Chapter 03

structs, real enums, and the end of null.

Rust has no classes and no inheritance. Data is structs and enums; behavior is traits (next chapter). The enum does a lot of the work here: it's a discriminated union, and it's how Rust does away with null.

3.1structs ≈ classes-without-the-methods-attached

A struct holds data. It's not the C# struct value-type distinction you're thinking of — Rust decides stack vs heap by other means. Methods go in a separate impl block, which keeps data and behavior visually distinct.

C#

class Point {
  public double X, Y;
  public double Dist() =>
    Math.Sqrt(X*X + Y*Y);
}

Rust

struct Point { x: f64, y: f64 }

impl Point {
  fn dist(&self) -> f64 {
    (self.x*self.x + self.y*self.y).sqrt()
  }
}

&self is just this, but borrowed — the method reads the struct without taking ownership, exactly the borrowing from chapter 2.

3.2enums are sum types, not just named constants

A C# enum is a glorified integer. A Rust enum is a discriminated union: each variant can carry its own differently-typed payload. It's one of the types you'll reach for most.

enum Shape {
    Circle { r: f64 },              // struct-like variant
    Rect { w: f64, h: f64 },
    Point,                          // no payload
}

Closest C#

You'd model this with a class hierarchy plus pattern matching, or the newer records + sealed interface "DU emulation." Rust bakes it in, and crucially the compiler checks you've handled every variant.

3.3match — an exhaustive switch

match is C#'s switch expression, but the compiler refuses to compile if you miss a case.
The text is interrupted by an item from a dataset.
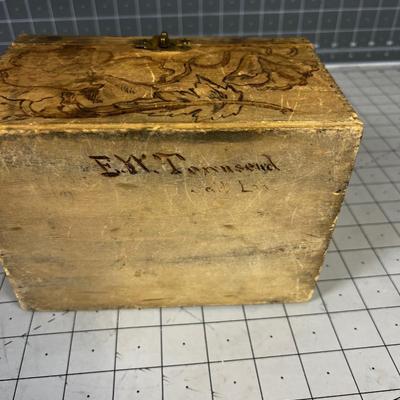 Hand Crafted Wood Burn Tramp Art Treasure BOX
Add a new enum variant and every match that forgot it lights up red — which makes large refactors considerably safer.

fn area(s: &Shape) -> f64 {
    match s {
        Shape::Circle { r }      => 3.14159 * r * r,
        Shape::Rect { w, h }   => w * h,
        Shape::Point          => 0.0,
        // omit one arm → compile error
    }
}

3.4Option<T> — there is no null

Rust has no null. Instead, a value that might be missing gets the type Option<T> — an enum with exactly two variants: Some(T) wraps a real value, and None means there's nothing there. Picture a box that either holds something or is empty; the type forces you to open it before you can use what's inside, so the NullReferenceException as a category does not exist.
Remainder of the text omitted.